▶ [Data for the task]:
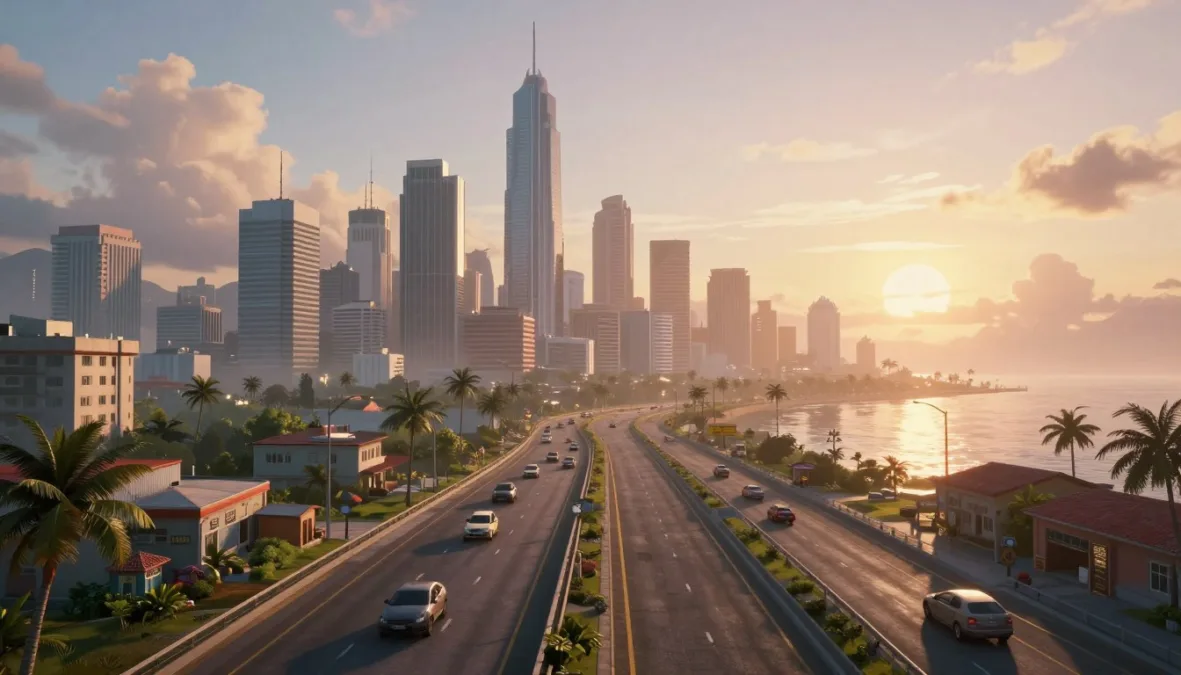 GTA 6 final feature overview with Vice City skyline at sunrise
--
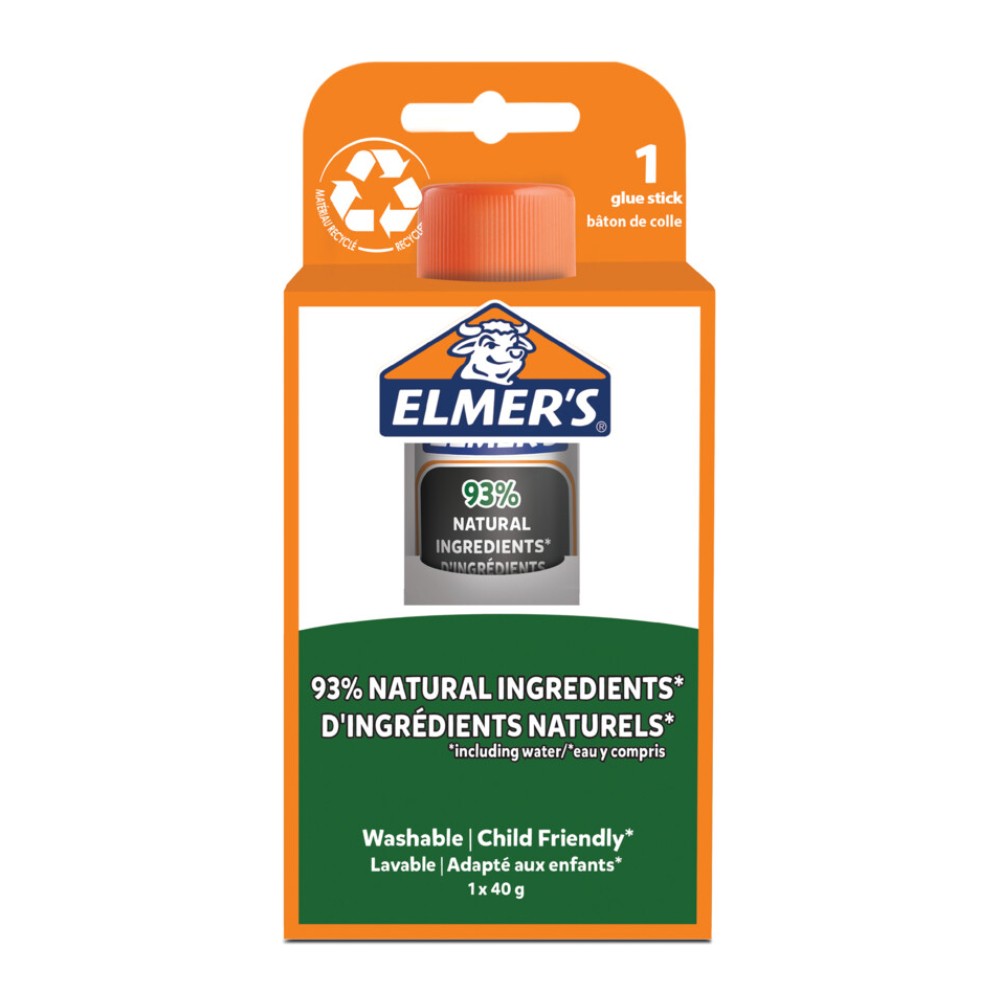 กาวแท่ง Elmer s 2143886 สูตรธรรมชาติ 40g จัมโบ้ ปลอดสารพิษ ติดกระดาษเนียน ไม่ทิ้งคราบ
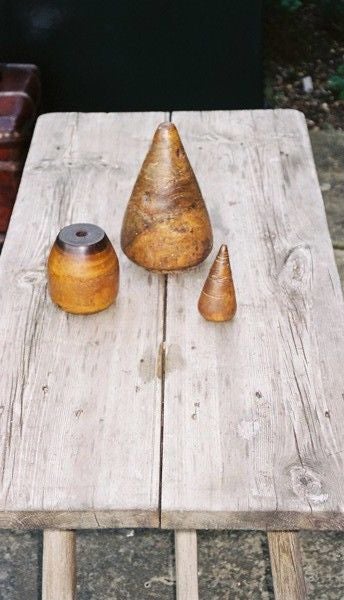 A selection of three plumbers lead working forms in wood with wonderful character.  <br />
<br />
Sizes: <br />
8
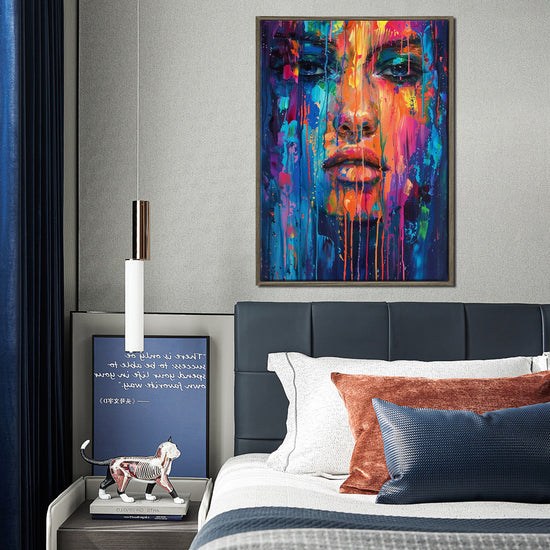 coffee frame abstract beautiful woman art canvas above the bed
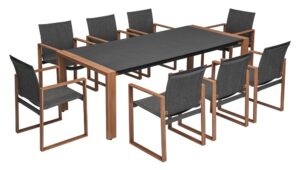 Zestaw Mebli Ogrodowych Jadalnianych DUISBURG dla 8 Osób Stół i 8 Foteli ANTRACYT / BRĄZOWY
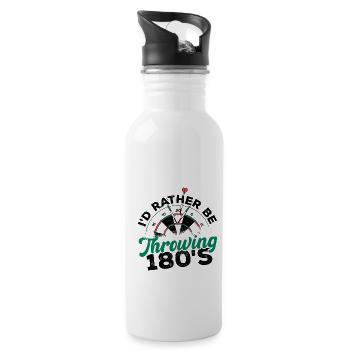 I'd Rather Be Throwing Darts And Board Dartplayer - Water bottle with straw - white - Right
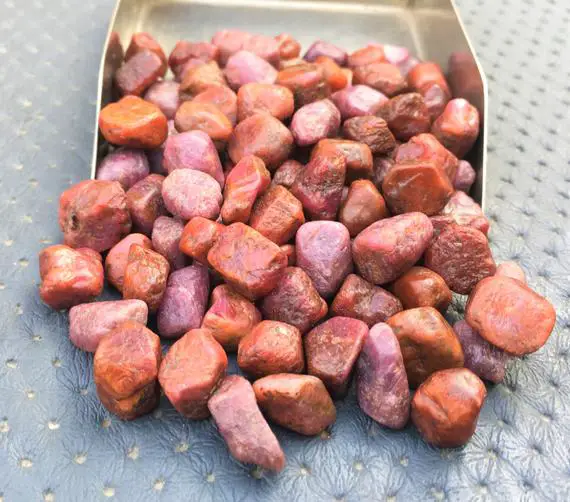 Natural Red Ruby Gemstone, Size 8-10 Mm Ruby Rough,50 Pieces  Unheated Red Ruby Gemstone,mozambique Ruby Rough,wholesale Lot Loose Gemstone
* * *
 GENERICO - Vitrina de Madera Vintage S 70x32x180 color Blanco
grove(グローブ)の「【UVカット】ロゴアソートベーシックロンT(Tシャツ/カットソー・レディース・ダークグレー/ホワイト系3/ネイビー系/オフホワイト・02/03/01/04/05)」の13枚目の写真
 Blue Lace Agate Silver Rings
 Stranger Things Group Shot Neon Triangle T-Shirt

▶ [Task to complete]: Excluding any pictures, print exactly the lines of the listing above from the line with "I'd Rather Be" to the line with "Natural Red Ruby", both ends included.

▶ [Answer section]:
 I'd Rather Be Throwing Darts And Board Dartplayer - Water bottle with straw - white - Right
 Natural Red Ruby Gemstone, Size 8-10 Mm Ruby Rough,50 Pieces  Unheated Red Ruby Gemstone,mozambique Ruby Rough,wholesale Lot Loose Gemstone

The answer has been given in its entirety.